To have a property interest in a benefit, a person clearly must have more than an abstract need or desire for it. He must have more than a unilateral expectation of it. He must, instead, have a legitimate claim of entitlement to it. It is a purpose of the ancient institution of property to protect those claims upon which people rely in their daily lives, reliance that must not be arbitrarily undermined. It is a purpose of the constitutional right to a hearing to provide an opportunity for a person to vindicate those claims.
The professor was hired for his first teaching job as an assistant professor at a state-run university. He was hired for a fixed term of one year and was not re-hired the following year. The professor brought suit against the university alleging that he was denied his Fourteenth Amendment right to due process because the university never gave him a reason for its decision not to re-hire him and further he had no opportunity to challenge the decision at a hearing. The lower court granted summary judgment on the procedural issue and ordered the university to provide the professor with reasons and a hearing.
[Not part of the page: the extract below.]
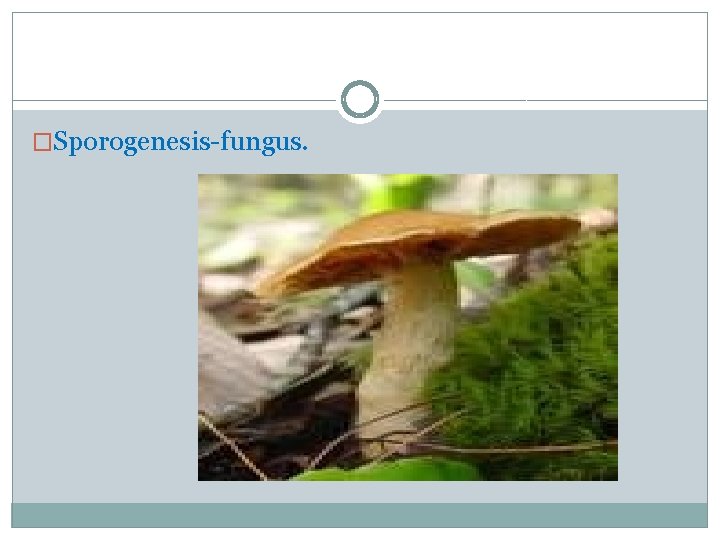 �Sporogenesis-fungus.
The appellate court affirmed and the board of regents sought review.
Did the university deny the professor of his Fourteenth Amendment right to due process?
The Court held that the professor had no protected interest in continued employment, as he had completed his contract for term, therefore, there could be no Fourteenth Amendment protection. He was not entitled to a hearing and the university was not required to provide the professor with reasons on why it would not be re-hiring him.